Project title:
Company XYZ owns a supermarket chain across the country. Each major branch located in 3 cities across the country recorded sales information for 3 months, to help the company understand sales trends and determine its growth, as the rise of supermarkets competition is seen.
* Various libraries were imported such as os, glob, numpy, pandas, matplotlib.pyplot etc
* The data containing information of each branch in the 3 major cities were loaded and combined using pd.concat to form a single dataframe with csv extension and then save as a new file in the local directory containing the project.
* The first 5 rows of the newly created file 'Market_data.csv' was displayed
* no of rows and columns was checked using df.shape
* check various column names in the dataset using df.columns
* statistical summary was checked using df.describe()

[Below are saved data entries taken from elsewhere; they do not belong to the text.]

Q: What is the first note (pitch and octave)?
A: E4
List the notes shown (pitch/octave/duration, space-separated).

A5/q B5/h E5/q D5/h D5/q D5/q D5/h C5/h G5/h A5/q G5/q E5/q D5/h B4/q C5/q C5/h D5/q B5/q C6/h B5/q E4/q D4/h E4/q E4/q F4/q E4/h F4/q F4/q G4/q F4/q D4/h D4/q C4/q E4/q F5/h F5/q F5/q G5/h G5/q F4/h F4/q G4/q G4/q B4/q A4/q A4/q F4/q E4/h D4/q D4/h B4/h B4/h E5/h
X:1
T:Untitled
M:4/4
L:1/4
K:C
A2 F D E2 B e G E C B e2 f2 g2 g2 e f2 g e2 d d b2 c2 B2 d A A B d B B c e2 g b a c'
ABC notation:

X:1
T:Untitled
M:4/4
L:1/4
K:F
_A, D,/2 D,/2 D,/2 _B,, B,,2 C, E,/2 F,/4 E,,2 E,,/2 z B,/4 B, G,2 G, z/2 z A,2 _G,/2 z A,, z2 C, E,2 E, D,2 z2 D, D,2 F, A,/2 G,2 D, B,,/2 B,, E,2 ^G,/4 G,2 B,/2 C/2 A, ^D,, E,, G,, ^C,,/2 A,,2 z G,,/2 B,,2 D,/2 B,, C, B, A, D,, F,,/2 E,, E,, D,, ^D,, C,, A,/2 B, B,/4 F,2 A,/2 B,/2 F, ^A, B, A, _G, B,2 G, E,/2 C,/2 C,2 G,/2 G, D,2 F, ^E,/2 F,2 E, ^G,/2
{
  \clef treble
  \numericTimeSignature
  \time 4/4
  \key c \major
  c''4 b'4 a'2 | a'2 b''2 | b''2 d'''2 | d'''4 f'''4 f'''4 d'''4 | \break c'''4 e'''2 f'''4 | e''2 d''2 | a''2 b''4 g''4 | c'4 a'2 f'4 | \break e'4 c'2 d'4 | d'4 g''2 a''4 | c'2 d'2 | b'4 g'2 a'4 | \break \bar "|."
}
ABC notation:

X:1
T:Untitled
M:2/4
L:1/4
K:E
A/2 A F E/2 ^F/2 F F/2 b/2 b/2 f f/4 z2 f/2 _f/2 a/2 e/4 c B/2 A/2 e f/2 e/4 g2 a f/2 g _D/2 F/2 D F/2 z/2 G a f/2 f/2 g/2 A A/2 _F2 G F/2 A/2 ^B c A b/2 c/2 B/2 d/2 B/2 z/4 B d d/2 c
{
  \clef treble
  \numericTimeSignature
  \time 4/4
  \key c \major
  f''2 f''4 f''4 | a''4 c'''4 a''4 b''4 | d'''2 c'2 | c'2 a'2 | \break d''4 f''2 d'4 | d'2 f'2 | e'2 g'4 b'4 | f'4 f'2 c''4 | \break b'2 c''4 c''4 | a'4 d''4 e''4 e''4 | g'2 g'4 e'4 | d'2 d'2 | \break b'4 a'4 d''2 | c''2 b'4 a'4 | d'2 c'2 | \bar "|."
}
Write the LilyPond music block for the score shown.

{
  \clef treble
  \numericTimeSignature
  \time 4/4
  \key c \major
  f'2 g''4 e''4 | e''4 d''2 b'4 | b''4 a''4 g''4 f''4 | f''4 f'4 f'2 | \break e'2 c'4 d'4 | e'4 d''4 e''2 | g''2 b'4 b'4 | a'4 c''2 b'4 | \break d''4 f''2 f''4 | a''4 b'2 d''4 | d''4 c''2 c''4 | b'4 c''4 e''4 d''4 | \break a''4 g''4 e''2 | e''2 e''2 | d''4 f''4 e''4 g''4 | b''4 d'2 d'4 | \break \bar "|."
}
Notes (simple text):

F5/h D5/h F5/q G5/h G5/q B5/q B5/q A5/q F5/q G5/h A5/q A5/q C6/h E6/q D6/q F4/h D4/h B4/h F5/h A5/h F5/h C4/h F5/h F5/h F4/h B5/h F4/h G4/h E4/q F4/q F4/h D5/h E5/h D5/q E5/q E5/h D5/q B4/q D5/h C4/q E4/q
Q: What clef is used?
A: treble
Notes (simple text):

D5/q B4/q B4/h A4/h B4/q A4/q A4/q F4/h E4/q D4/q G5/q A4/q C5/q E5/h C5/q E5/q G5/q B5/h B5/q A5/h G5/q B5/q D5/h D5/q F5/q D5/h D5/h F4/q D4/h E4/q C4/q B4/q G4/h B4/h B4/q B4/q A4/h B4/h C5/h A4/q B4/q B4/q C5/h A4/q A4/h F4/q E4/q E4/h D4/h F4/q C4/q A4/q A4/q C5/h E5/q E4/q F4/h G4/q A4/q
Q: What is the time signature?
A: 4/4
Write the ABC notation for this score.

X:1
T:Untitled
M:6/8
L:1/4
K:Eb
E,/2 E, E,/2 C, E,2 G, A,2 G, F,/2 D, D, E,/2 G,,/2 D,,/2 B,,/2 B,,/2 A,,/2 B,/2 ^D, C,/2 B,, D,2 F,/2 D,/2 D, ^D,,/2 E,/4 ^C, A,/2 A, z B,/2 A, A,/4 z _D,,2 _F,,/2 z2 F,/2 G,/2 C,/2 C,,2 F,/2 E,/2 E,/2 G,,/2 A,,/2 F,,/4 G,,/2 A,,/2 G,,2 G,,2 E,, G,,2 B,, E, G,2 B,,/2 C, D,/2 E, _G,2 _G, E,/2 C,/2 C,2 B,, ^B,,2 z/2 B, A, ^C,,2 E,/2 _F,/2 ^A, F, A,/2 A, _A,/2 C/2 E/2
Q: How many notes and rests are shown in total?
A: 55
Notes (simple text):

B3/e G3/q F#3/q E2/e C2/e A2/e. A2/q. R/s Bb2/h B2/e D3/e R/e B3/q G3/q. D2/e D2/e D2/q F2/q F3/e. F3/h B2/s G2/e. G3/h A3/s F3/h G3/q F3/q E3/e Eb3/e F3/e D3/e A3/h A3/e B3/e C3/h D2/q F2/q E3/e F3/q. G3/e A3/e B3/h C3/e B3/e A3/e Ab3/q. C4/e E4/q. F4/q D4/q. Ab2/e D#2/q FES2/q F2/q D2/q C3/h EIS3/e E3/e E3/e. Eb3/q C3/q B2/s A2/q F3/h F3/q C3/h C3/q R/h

* Missing data was checked using the isnull
* General Information of the data was checked using .info
* Convert the date column to datetime
* The above was also done for the time column
* * Extract year, month, and day from the date column and also hour from the time column
* Determine the unique ours of sales in the supermarket and return the result as an array.
* Get a list of the categorical column in the dataset, and check if each element in the column is of type object
* generate the unique values in the categorical columns in this case, Payment, product line, gender, and customer type
* Get a Series containing counts of unique values for various categories
* Create a groupby object with the "City Column", and aggregation function of sum and mean.
* Display a table that shows the gross income of each city, and determine the city with the highest total gross income.
* Determine the branch with the highest sales record using countplot.
* Determine the highest & lowest sold product line, using Countplot
* Determine the Payment channel used by most customers to pay for each product line.
* Determine the Payment channel for each branch.
* Determine the branch with the lowest rating
* Generate visualization for the "product line" per gender
* Generate visualization for the "product line" per "Total" column
* plot Product line per unit price, and Product line per Quantity
There are 3 different datasets (csv files): Dataset for Abuja_Branch, Lagos Branch, and Port Harcourt Branch
* Lagos branch (A) consists of 340 rows and 17 columns
* Abuja branch (B) consists of 332 rows and 17 columns
* Port Harcourt branch (C) consists of 328 rows and 17 columns
The datasets were combined to generate a single dataframe (dataset) which consists of 1000 rows and 17 columns
The statistical summary shows the Standard Deviation (STD) of the unit price and gross income to be 9538.066205 and 4215.177173 respectively and also, the mean value of the unit price and the gross income is 20041.966800 and 5536.572840 respectively.
The dataset contains no null values
The dataset contains records of 501 female customers and 499 male customers
Port-Harcourt (C) records the highest revenue(gross income) while Lagos (A) follows next and then Abuja (B) as shown in Figure 1
There are more member customers than normal customers which correspond to females and males in the gender count as shown in Figure 6 and Figure 7 respectively.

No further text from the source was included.